Shortly, he returned to the subject of what he wanted to say to his people.

"My grandfather was the chief of all of Minnesota. Now we get everything made for us. We get our clothes and our food in the store. They wait for money from the government."

"Do the young people understand the Ojibway language?"

"Yes." He nodded.

"My whole life I've always gotten things from the store," I said. "I don't know what I would do if I couldn't get things there. That must be the hope of your people. They could do better than we could if we had to live off the land. Sometimes I bet you feel like it would be better if something were to happen to force people back to a better way of life."

He digested this for a few moments. "That's right," he said with conviction.

By this time we were at the Cathedral stop at the end of Selby. "The next stop is the one where we get off if you want to walk," I said, getting up. The 21A began to make the sharp turn left and head down the hill. An older lady who had just boarded the bus sat down next to my friend and smiled pleasantly at him.

"I'm an Indian," he said to her.

She smiled nicely and made a polite response which I could not hear. He stood up, holding on to a vertical hand bar, and peered ahead at the Capitol.

"There's the Capitol," I said again, not sure that he saw it. "Do you think it's too far to walk?"

He studied the distance, standing there like a chief. "Take me down there a little closer," said the chief to the bus driver. He didn't know that the bus would turn right.

"O.K.," I said. "Take the 16A when you get downtown."

My eyes caught the eyes of the bus driver as I disembarked.

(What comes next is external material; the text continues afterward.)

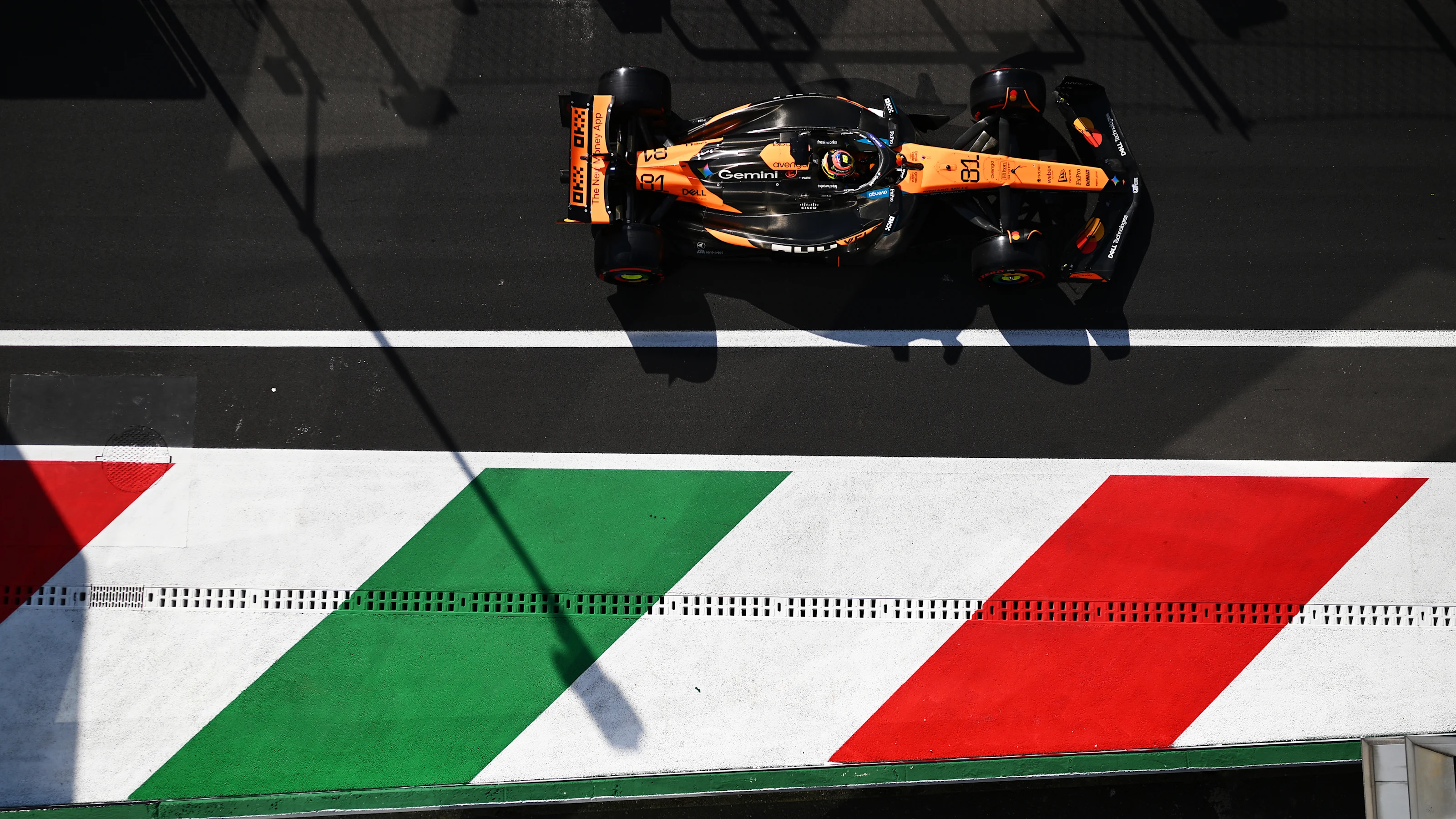 MONZA, ITALY - SEPTEMBER 06: Oscar Piastri of Australia driving the (81) McLaren MCL39 Mercedes on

Did those eyes suggest that I was a do-good meddler and that I should stay out of things that didn't concern me? That I had told him the wrong bus? That either the 7 or the 5 was more logical?

As I surveyed the distance to the Capitol, I realized that my friend had made the right decision. It would have taken him an hour to walk that far. I set out in the fresh, crisp March air, filled with gladness and thinking of our conversation.